= Activity =
Read through the data and report every line in which the word "bulbs" occurs.

Stored dataset items
===

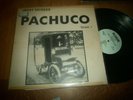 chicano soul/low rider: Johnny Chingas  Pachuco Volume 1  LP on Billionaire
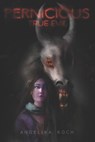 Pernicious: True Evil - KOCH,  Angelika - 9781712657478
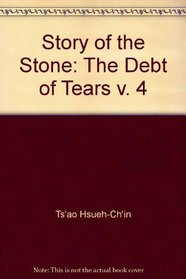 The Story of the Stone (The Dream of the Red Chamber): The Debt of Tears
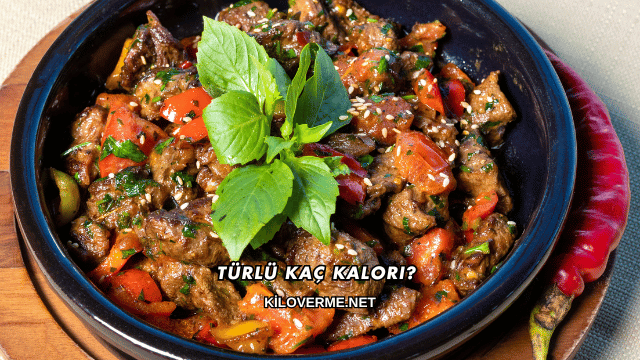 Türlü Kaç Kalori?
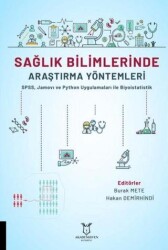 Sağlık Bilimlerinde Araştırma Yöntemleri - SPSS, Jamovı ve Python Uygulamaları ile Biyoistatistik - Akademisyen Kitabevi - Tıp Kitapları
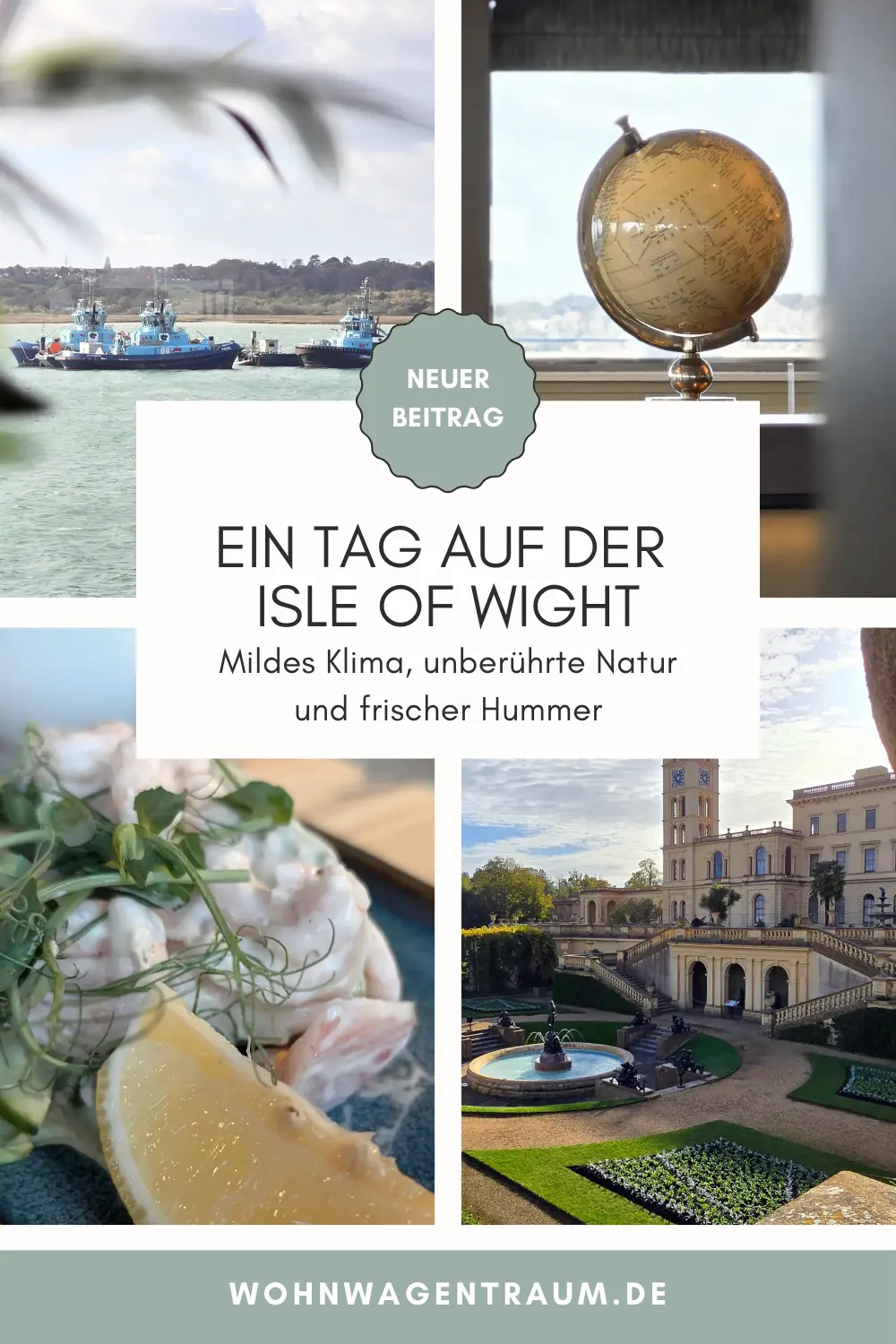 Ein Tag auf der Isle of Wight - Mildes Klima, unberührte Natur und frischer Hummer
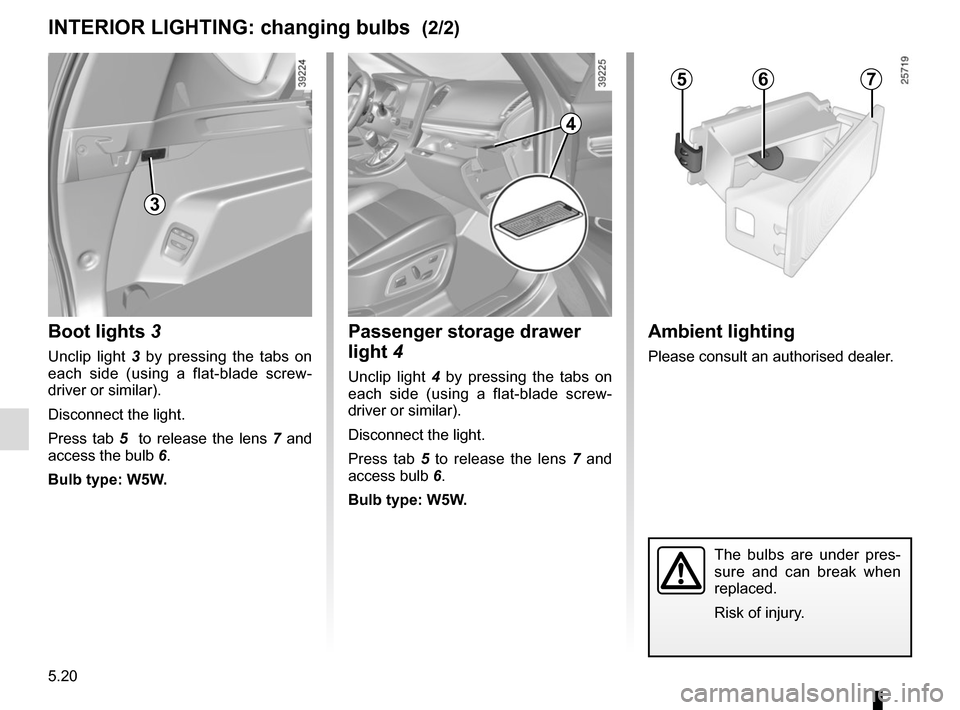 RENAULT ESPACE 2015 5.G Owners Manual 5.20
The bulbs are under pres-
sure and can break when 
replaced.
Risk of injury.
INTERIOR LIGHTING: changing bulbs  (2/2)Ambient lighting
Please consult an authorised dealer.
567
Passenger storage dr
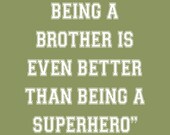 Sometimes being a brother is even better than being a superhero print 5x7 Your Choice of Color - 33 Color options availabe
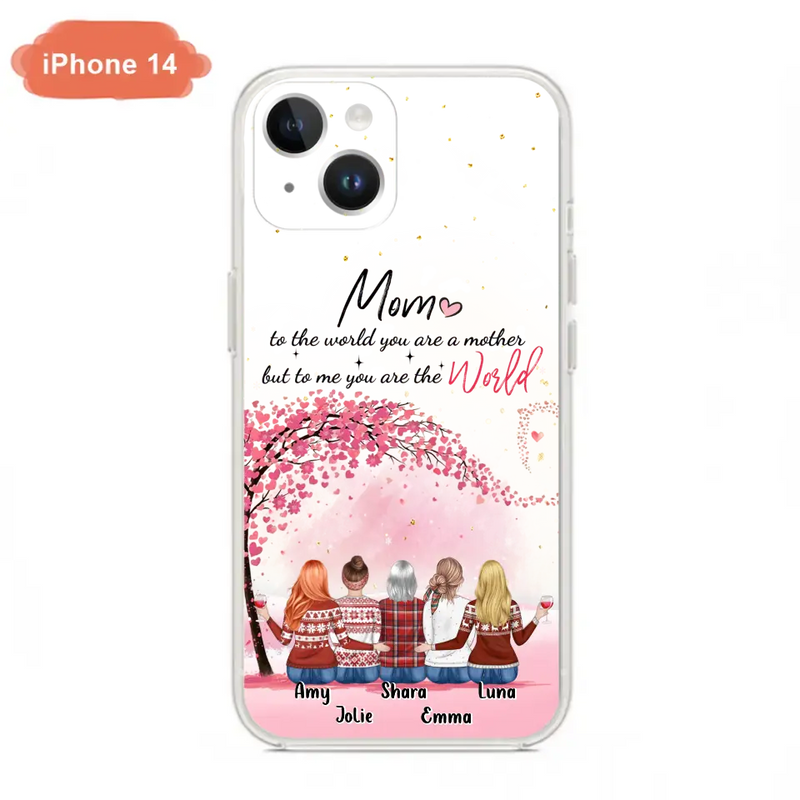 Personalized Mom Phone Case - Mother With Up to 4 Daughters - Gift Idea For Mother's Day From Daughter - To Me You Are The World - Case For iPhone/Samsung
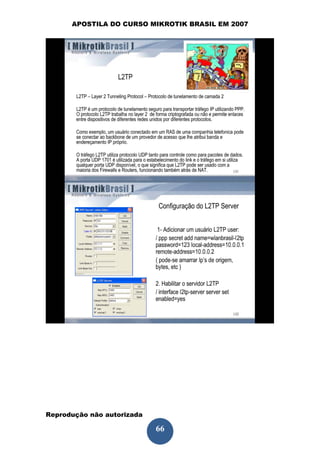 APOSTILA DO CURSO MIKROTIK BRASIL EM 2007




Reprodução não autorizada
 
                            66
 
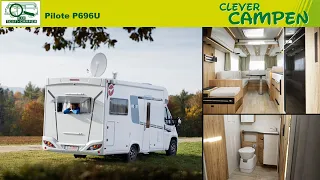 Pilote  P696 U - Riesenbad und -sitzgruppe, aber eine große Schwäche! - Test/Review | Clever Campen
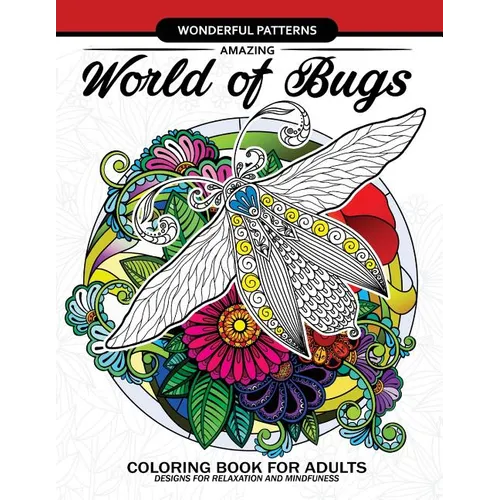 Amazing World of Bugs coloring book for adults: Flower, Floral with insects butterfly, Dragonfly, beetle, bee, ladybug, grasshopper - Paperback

===

= Expected output =
The bulbs are under pres-
INTERIOR LIGHTING: changing bulbs  (2/2)Ambient lighting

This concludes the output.